[LTER-im] Removing from PASTA?

Matt Jones jones at nceas.ucsb.edu
Mon Feb 29 12:52:58 MST 2016


Hi Jonathan,

Just to chime in here a bit from the DataONE side of things... we already
support several features which are of relevance to what you are
discussing.  We support "obsoletes/obsoletedBy" properties in the system
metadata, and these provide a direct version chain indicating when one
identifier represents a newer version replacing an older identifier.  As
soon as an EML document has been replaced by a newer version, the older
versions no longer show up in DataONE search results.  But they are still
accessible if someone knows the identifier directly (e.g., via a
citation).  If someone accesses an older version directly, the top of the
page prominently indicates that a newer version is available (for example,
see https://search.dataone.org/#view/knb-lter-bnz.69.13).
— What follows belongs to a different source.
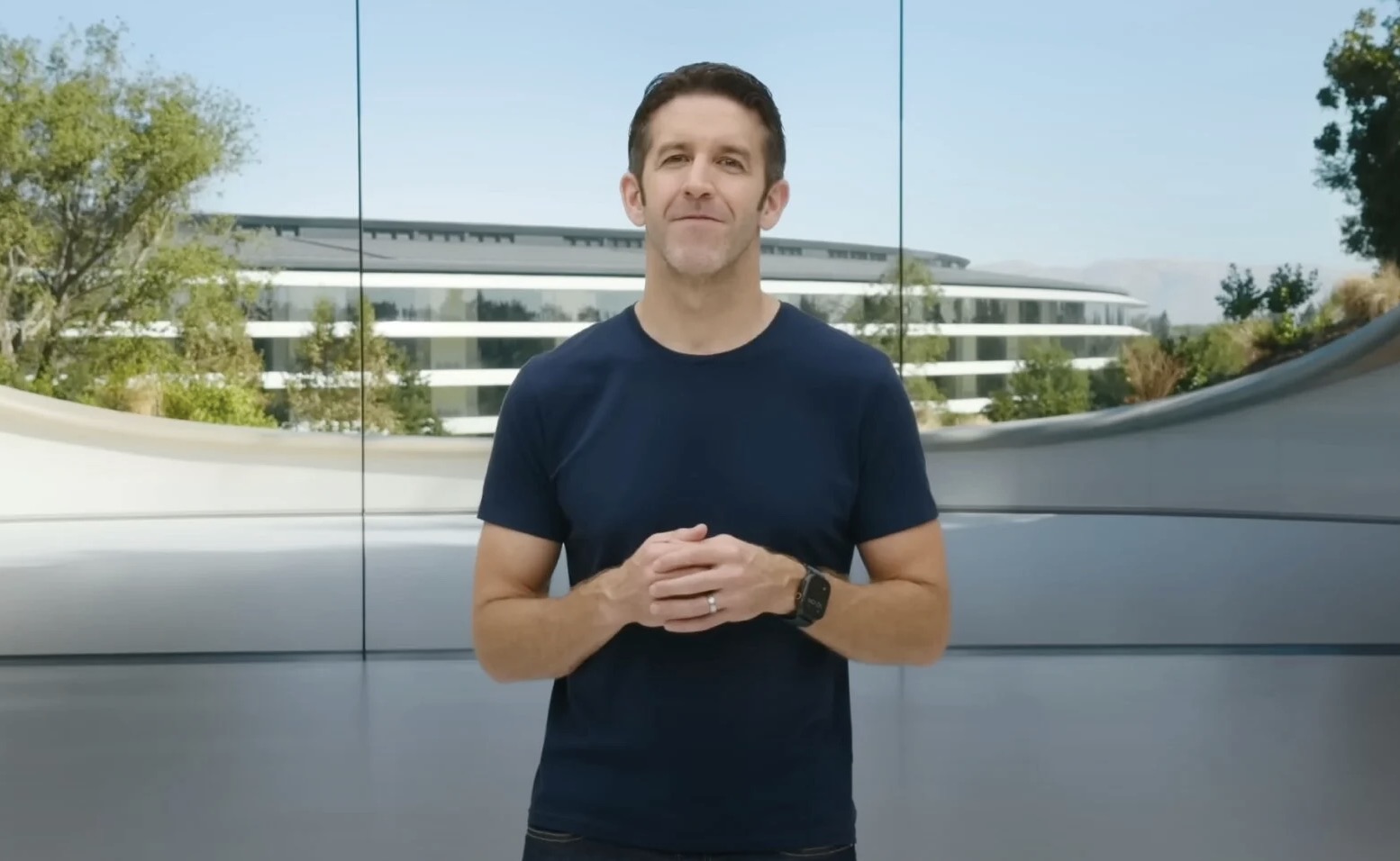 Wat wordt de visie van John Ternus tegenover reclame?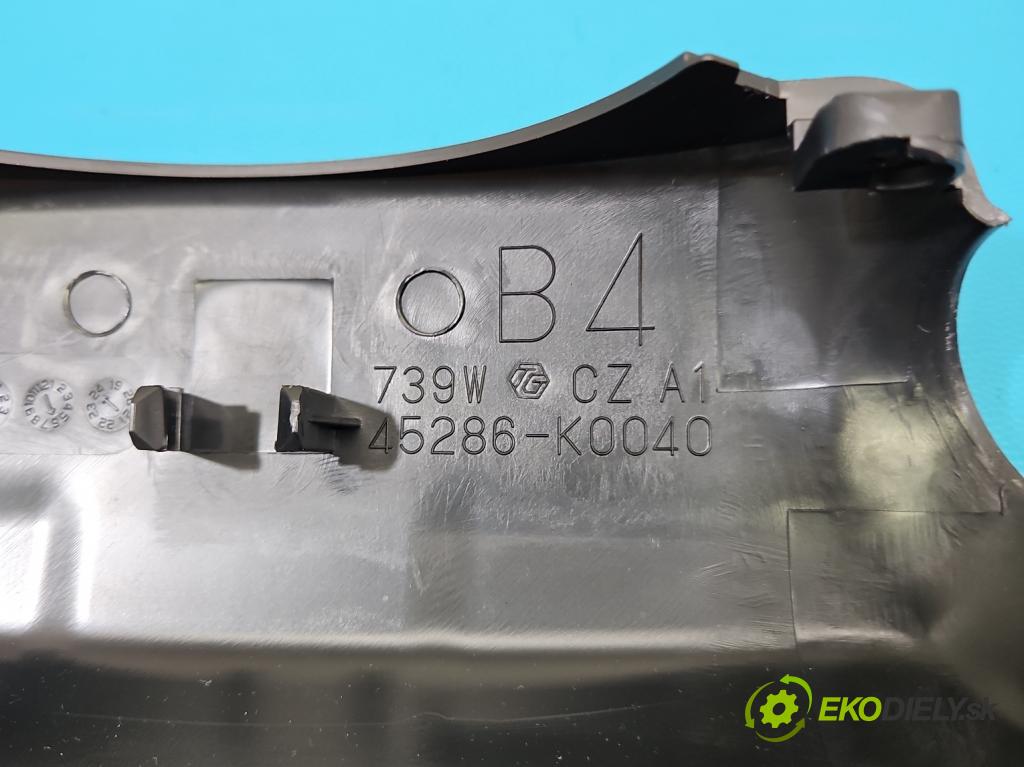 Toyota Yaris IV 2020- 1.5 12V 125 HP manual 92 kW 1490 cm3 5- kryt plast 45286-K0040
in addition, for more complex rearrangements of data (for example, when
several data packages get merged into one), we provide a mechanism for
indicating that the new data set was derived from the multiple earlier data
sets (using the prov:wasDerivedFrom property).  This goes into the data
package description.  These complex derivation relationships now show up on
the DataONE web site, showing the provenance relationships among objects
directly.  When creating these newly derived products, if you don't want
the old packages to also show up in searches, then the old packages can be
marked as 'archived'. When you do that, the new packages will show up in
searches, and the old packages will be listed as the source of the new
package, but only the new packages would show up in search results.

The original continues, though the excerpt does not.